Genetic Selection

September 7, 2007

Note: This post may be offensive to certain readers. In particular red headed readers, and their friends and families, this post is not for you.

The Gingers. You may have seen them in your classes, walking down the street, or worked with them. Innocuous enough in their demeanor, it is the dangerously bright orange hair and extreme amount of freckles on the whitest of skin that would have tipped you off. They are different. Some propose that hair color is tied to personality and behavior only in the sense that you may have been treated differently growing up and that affects who you are as a person. Some believe there is a more sinister aspect to the Gingers. They are a group of zombie like creatures out to destroy society (admittedly this view has only been expressed on South Park).

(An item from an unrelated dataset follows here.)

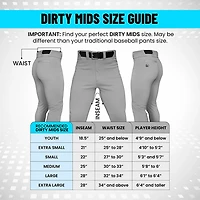 Dirty Mids Boys' Youth Collection Baseball Pants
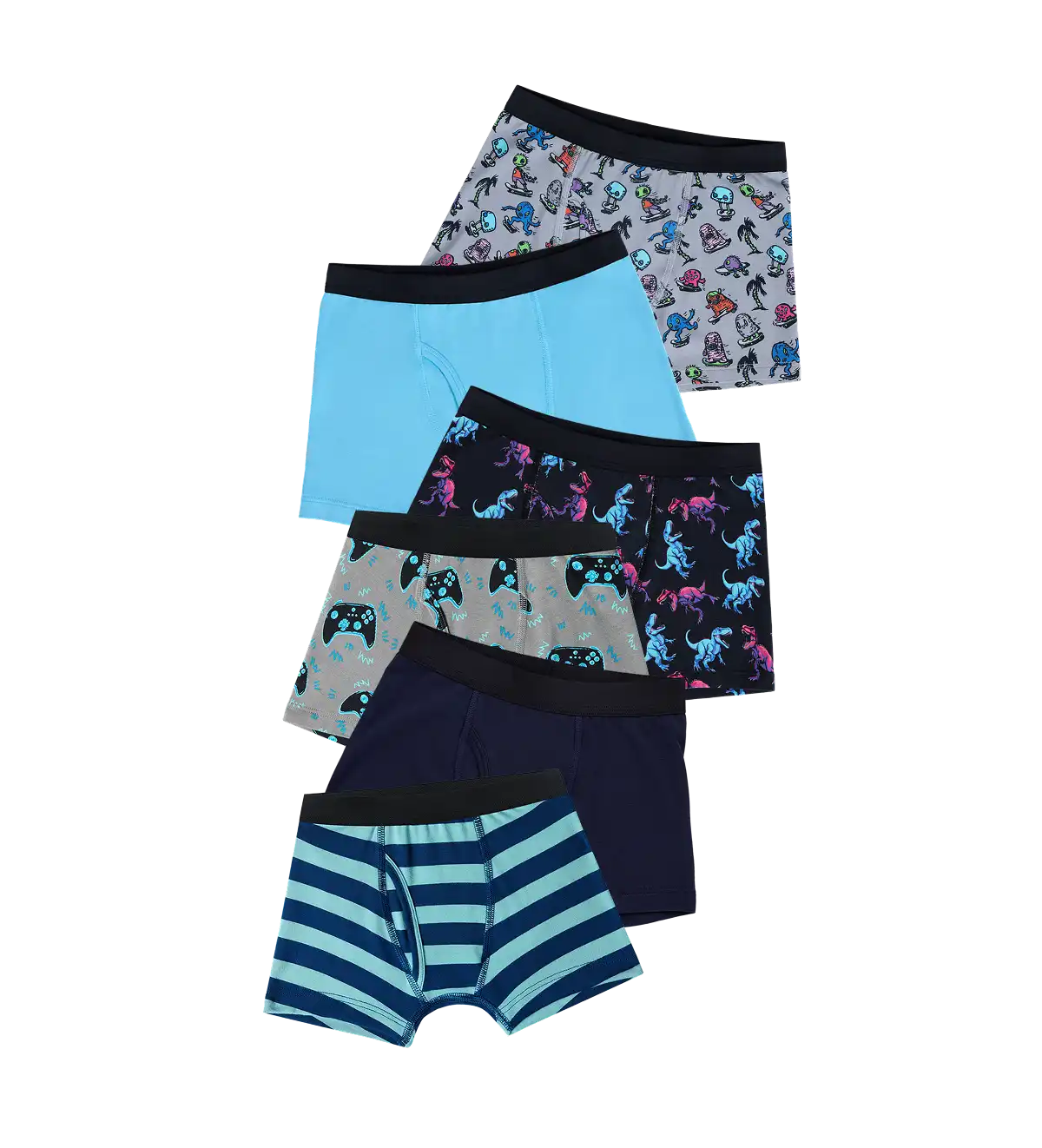 UltraModal™ Kids Core Boys Boxer Brief 6-Pack | Fun and Games Pack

But as a new article in National Geographic reports, they are an endangered species. Less than 2% of the world has red hair and it is decreasing. Because the recessive trait is more likely to be inherited in situations where both parents carry the allele, it has become rarer for two gingers to end up together and make more ginger babies. The article reports, if for some unforeseeable reason, you wanted to have a ginger baby the best shot is to breed with a Scottish or Irish person. There is some disagreement between scientists about when or if the trait could be eliminated. Predictions based on the current rate of change indicate that it could happen within 100 years. But other scientists believe that the wide geographic distribution would make the complete elimination almost impossible. Let’s hope they are wrong. Ginger children scare me tremendously.


On a Lighter Note:

September 6, 2007

Following my negative post this morning on the ridiculous Fred Thompson, I figured we needed a lighter afternoon post.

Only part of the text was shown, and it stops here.